Ainda assim, encaramos o mergulho como o último de nossas vidas
e as algas desaparecem por um momento.
Somos eternos e lívidos, mas livres.

O disco traz Ella Fitzgerald e é como um grande final.
A lua está presente mas não posso olhar para ela,
como uma Górgona refugiada mas ainda vil,
que observa o balneário suave ouvindo a música
de Nat King Cole entre taças de martini.

Tuesday, January 31, 2012

Vespertino



A hora se fez dourada do cinza.
Parece-me que vou morrer.

A tarde se fez verde do marrom.
É a última hora de minha vida.

O anoitecer se fez vermelho da chuva.
É o palpitar do fim, menos que grotesco.

Chega-me um anjo de meia-idade
e fala-me com voz de bebedor de uísque.

A chuva cessou nas mãos de um ourives
e fantasmas jovens sussurram sobre os muros.

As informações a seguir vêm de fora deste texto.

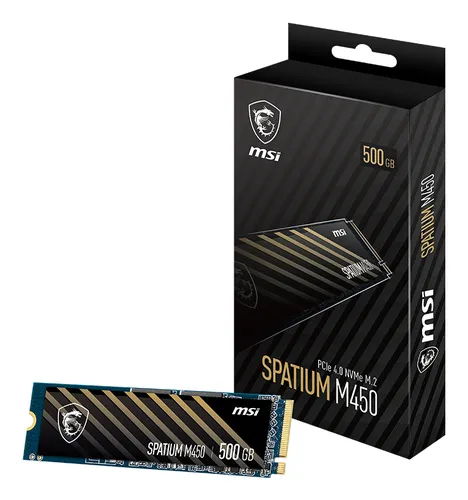Compare MSI Spatium M450 PCIe 4.0 NVMe M.2 500GB Internal SSD with Samsung 990 Pro Nvme M2 4Tb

Vozes nos lençóis do tempo,
vozes nas vozes do horror congelado.

Tarde, enlouqueço.

Saturday, January 28, 2012

Memória-nervura

Folha amarga
deslizando irresoluta
ao fundo negro prata
do vale seco.

Fio de luz
escorrega lágrimas
sobre o túmulo
onde ainda palpita uma menina.

E quente o coração
sob a pele anfíbia
e branca entre girassóis.
A máscara sem olhos
espreita.

Nervos se liquefazem
ao som de borboletas anis
alucinações latejantes
de alguém que de tanto amor
transformou-se em fumaça na chuva.

Triste a folha seca
que escorrega na solução
de água e óleo diesel
no fim da estrada
ao lado do jazigo
de uma menina
ainda meio morta.

Saturday, January 07, 2012

Leve



Leve púrpura nascente da flor que é branca.
Leves algas que se espalham com a chuva vesperal.

Marina a música de sol e lua,
voz imanente entre mariscos e céu,
canto ilustrado de partituras e iluminuras astrais.

Leve a presença na areia,
sem memórias, sem história,
sem pragas rogadas ou
inquisições amargas.
Leve a pétala e leve a cor
violeta do oceano.

Gatinhos observam a tarde,
e abrem suas bocas de sono na manhã entediante.
Olhinhos de estrela, leves as garras no parapeito.

Mas eis uma presença monolítica e noturna
brilhando no fundo da água de esmeralda
na praia, nas árvores, nas manhãs e ao meio-dia.

Cantiga de todo o tempo no corpo leve como estrelas.